Preprosessing cat. features

In [None]:
cat_features = ['city', 'gender', 'relevent_experience',
       'enrolled_university', 'education_level', 'major_discipline',
       'experience', 'company_size', 'company_type', 'last_new_job',]


cat_feat_df = df[cat_features].copy()
cat_feat_df = OneHotEncoder().fit_transform(cat_feat_df)

Concatenating matrices containing cat. and cont. features.

In [None]:
cont_feat = ['city_development_index','training_hours']
cont_feat_df = df[cont_feat].copy()
cont_feat_df = sparse.csr_matrix(cont_feat_df.values)

In [None]:
X,y = sparse.hstack((cat_feat_df,cont_feat_df)), df['target']

Split our dataset into training and test sets.

In [None]:
X_train, X_test, y_train, y_test = train_test_split(X,y,random_state=11)


sc = StandardScaler()

left = X_train[:,:-2]
right = sparse.csr_matrix(sc.fit_transform(X_train[:,-2:].todense()))
X_train = sparse.hstack((left,right)).tocsr()


left = X_test[:,:-2]
right = sparse.csr_matrix(sc.transform(X_test[:,-2:].todense()))
X_test = sparse.hstack((left,right)).tocsr()

# Evaluate models

Since we deal with the imbalanced target variable (i.e., there are way more entries with label $0$ than with label $1$), we would expect our models to incorrectly predict a lot of entries with label $1$. Hence the metric that we will be closely looking at is f1 score (where positive label is $1$)

# Logistic Regression

In [None]:
log_random_state = None
log_clf = LogisticRegression(random_state=log_random_state,max_iter=500).fit(X_train, y_train)
print(classification_report(y_true=y_test, y_pred=log_clf.predict(X_test)))
plot_confusion_matrix(log_clf, X_test, y_test)

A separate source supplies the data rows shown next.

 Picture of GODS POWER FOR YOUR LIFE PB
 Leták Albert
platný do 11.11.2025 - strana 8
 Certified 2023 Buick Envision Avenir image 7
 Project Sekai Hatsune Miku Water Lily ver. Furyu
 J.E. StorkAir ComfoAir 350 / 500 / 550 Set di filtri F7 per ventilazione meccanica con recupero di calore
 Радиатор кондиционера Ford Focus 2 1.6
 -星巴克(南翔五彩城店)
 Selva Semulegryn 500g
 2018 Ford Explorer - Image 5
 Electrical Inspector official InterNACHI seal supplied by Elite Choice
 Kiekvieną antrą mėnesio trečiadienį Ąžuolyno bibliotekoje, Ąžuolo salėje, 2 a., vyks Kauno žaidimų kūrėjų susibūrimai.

As expected, we see that the model misclassifies a lot of people who chose to look for a new job (i.e., entries where the value in the `target` is $1$)

# KNN (25 neighbors)

In [None]:
knn_clf = KNeighborsClassifier(n_neighbors=25).fit(X_train,y_train)
print(classification_report(y_true=y_test, y_pred=knn_clf.predict(X_test)))
plot_confusion_matrix(knn_clf, X_test, y_test)

# Random Forest
Where the hyperparameters are:
1. `max_depth` = 20
2. `n_estimators` = 700
3. `bootstrap` = False

In [None]:
rf_clf = RandomForestClassifier(bootstrap=False, 
                                max_depth=20, 
                                n_estimators=700,
                                random_state=13).fit(X_train, y_train)

print(classification_report(y_true=y_test, y_pred=rf_clf.predict(X_test)))
plot_confusion_matrix(rf_clf, X_test, y_test)

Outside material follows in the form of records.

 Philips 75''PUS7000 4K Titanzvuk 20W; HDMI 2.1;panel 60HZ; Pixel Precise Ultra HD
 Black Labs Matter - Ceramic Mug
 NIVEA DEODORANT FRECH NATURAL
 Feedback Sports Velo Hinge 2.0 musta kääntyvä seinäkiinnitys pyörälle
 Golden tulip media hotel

# SVM: Default hyperparameters

In [None]:
svm_clf = SVC(gamma=0.0870736086175949).fit(X_train,y_train)
print(classification_report(y_true=y_test, y_pred=svm_clf.predict(X_test)))
plot_confusion_matrix(svm_clf, X_test, y_test)

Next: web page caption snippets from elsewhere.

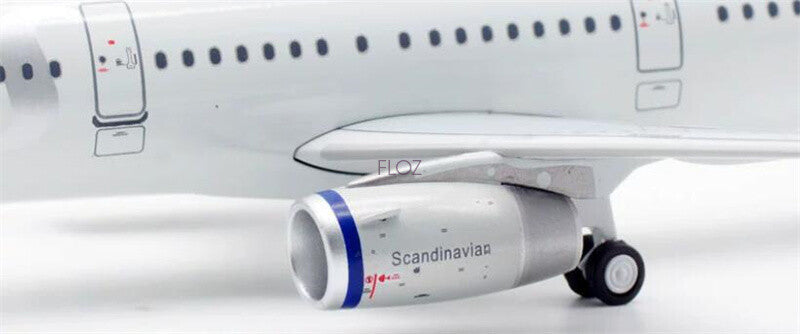 Inflight for SAS for Airbus A321 OY-KBH 1:200 Aircraft Pre-built Model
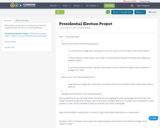 Presidential Election Project 
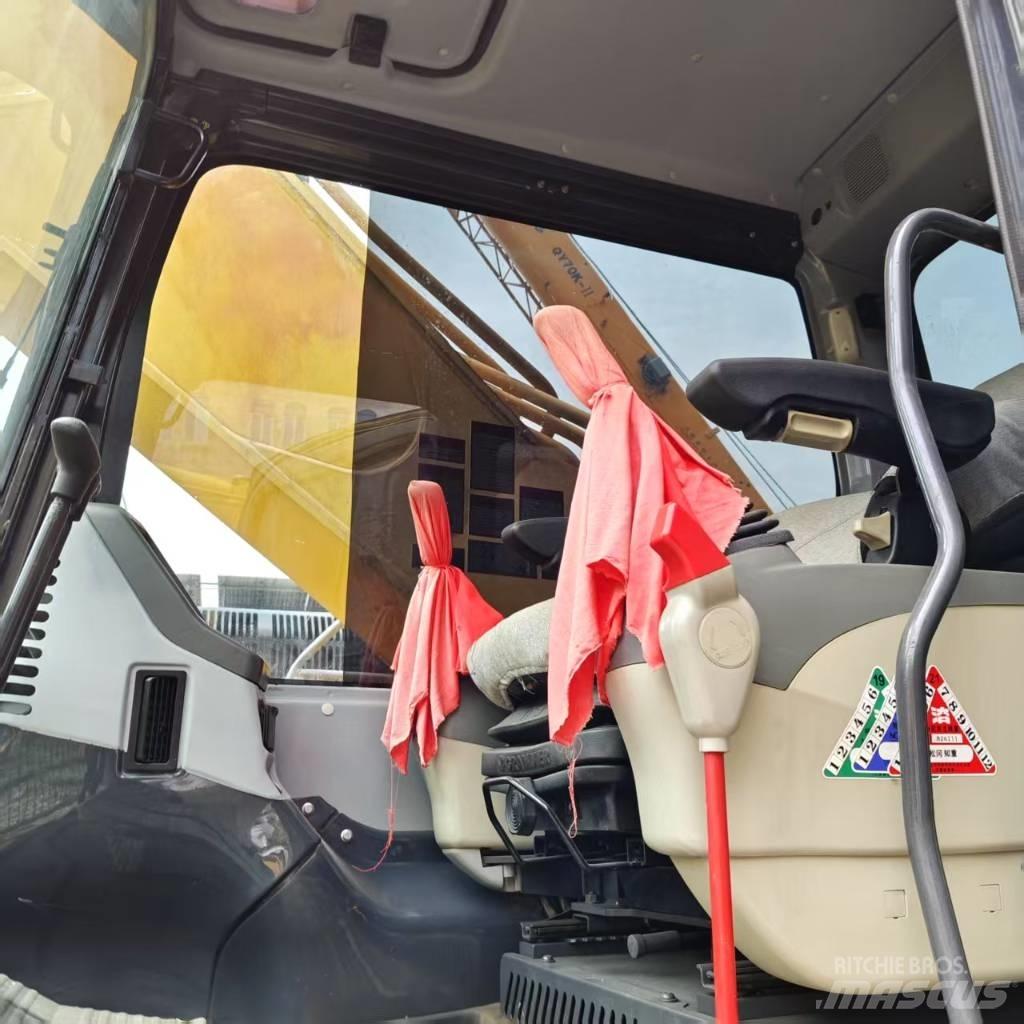 Komatsu PC 350-7 Vikšriniai ekskavatoriai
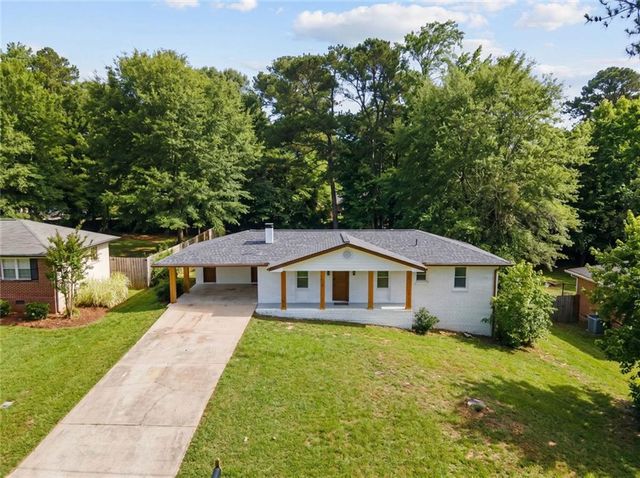 501 Pineview Drive, Smyrna, GA 30082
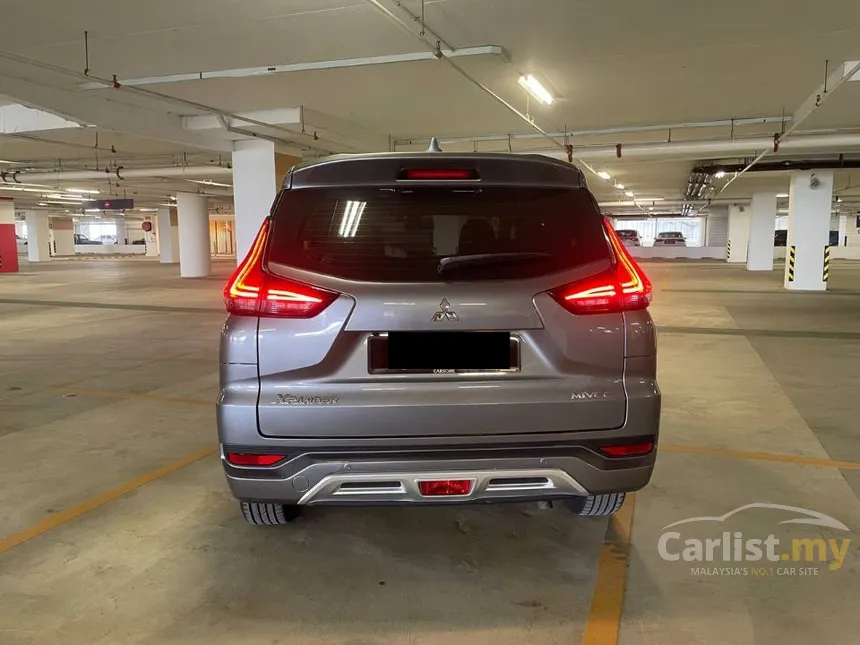 2022 Mitsubishi Xpander MPV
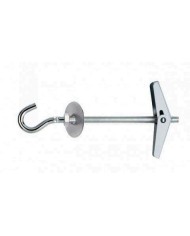 GANCHO BALANCIN CON MUELLE 5MM. GANCHO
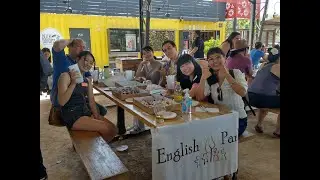 SteelCraft Garden Grove - English Park Hang Out in Southern California Event #1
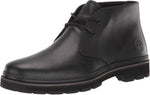 Timberland Port Union Waterproof Chukka Black Full-Grain 11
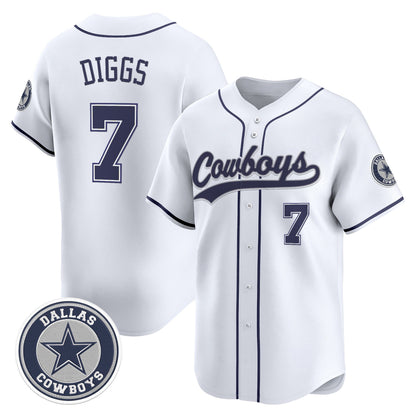 White - Trevon Diggs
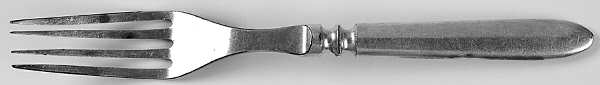 INS540 (Silverplate) Fork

We see that even without any hyperparameter tuning, SVM performs way better than the previous models (mainly signified by the fact that SVM gives us the highest `f1 score` (where $1$ is positive label))
In a separate notebook, I have tested different sets of hyperparameters. After trying dozens of combinations, I haven't found any set that would give us better f1 score (positive label: 1) than the default set (by the "default" set of hyperparameters, I mean $C=1$, gamma $=$ 'scale' $\approx  0.087$, and kernel $=$ 'rbf')

# XGBoost

After using grid search (in a separate notebook), the optimal (i.e., those that maximize f1-score (where positive label is $1$)) hyperparameters found are:

1. `max_depth` = 7

2. `eta` = 0.047895

3. `ojbective` = 'binary:hinge'


In [None]:
import xgboost as xgb

dtrain = xgb.DMatrix(X_train,label=y_train)
param = {'max_depth': 7, 
         'eta': 0.047895, 'objective': 
         'binary:hinge'}
bst = xgb.train(params=param,dtrain=dtrain, num_boost_round=30)


dtest = xgb.DMatrix(X_test)
print(classification_report(y_true=y_test,y_pred=bst.predict(dtest)))

We see that while precision for label $1$ drops by roughly $3\%$, the recall increases significantly, thus giving us the best f1-score (0.62) out of all models used.